Entries below include pictures. Output exactly the lines from the one with "Burberry Children Plaid Coat - Red" down to the one with "Aquamarines Silver White", both ends included, and leave the pictures out.

Data records:
::::::::

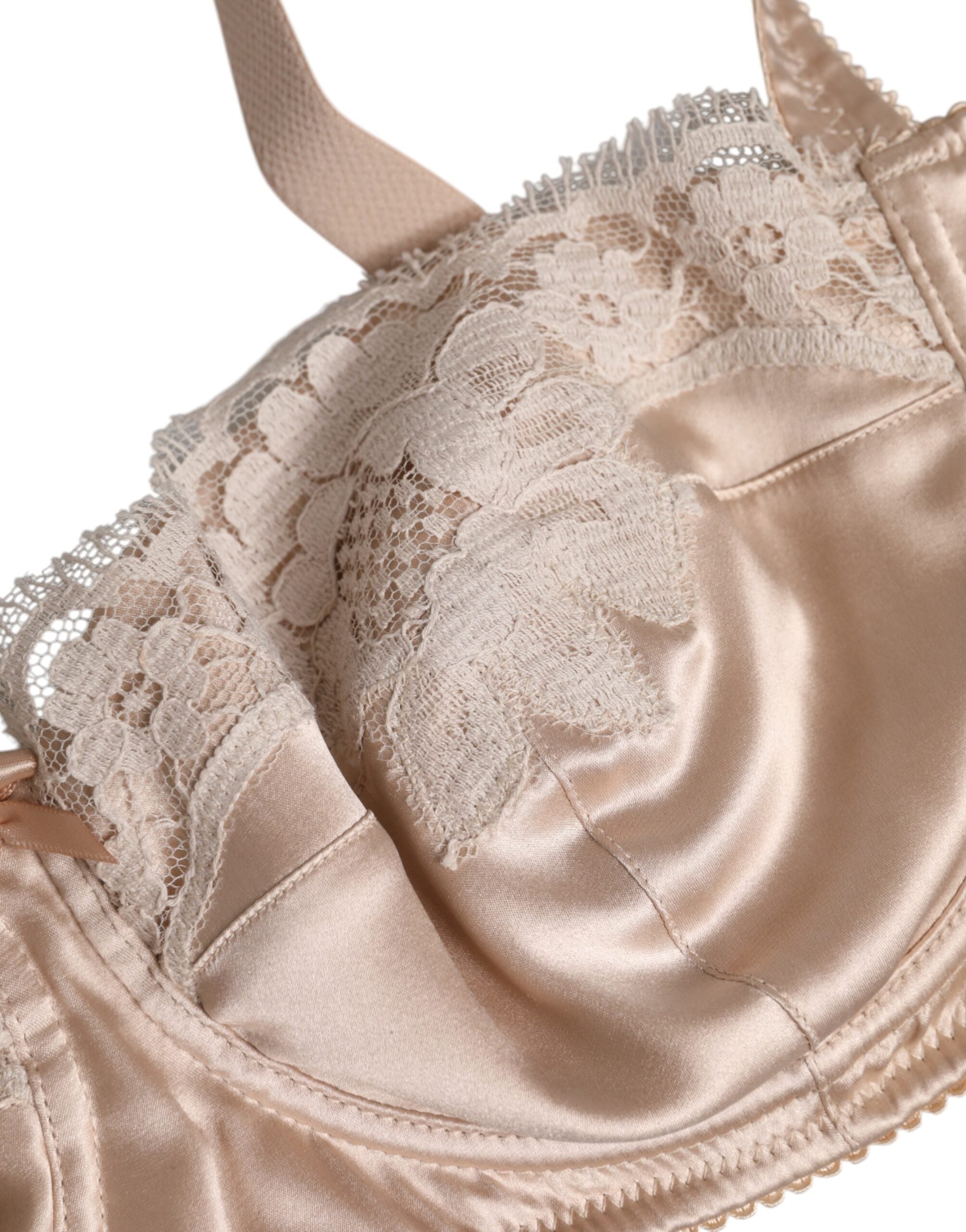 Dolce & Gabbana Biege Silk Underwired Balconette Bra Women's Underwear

::::::::

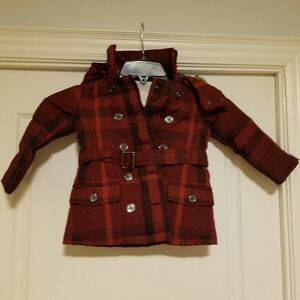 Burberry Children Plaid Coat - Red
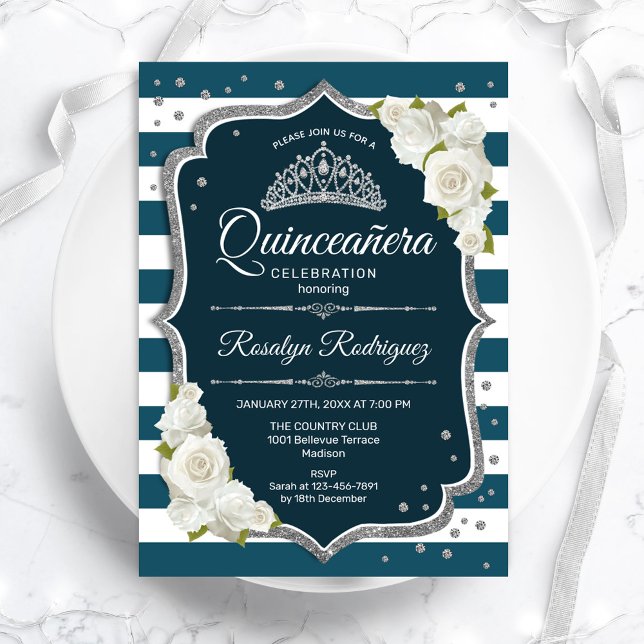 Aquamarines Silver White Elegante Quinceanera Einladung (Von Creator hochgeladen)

::::::::

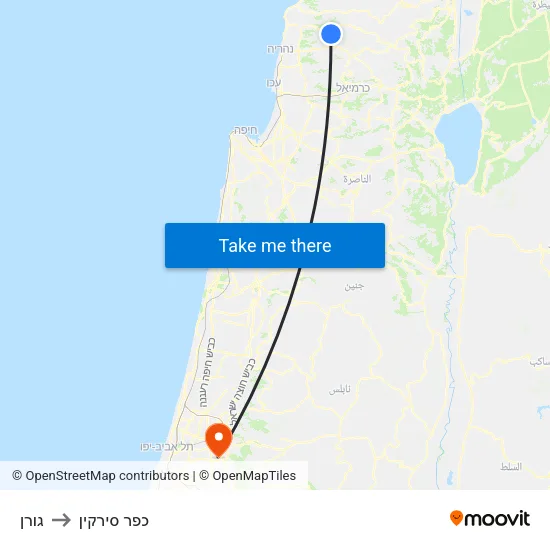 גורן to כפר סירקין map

::::::::

Solution to the exercise:
 Burberry Children Plaid Coat - Red
 Aquamarines Silver White Elegante Quinceanera Einladung (Von Creator hochgeladen)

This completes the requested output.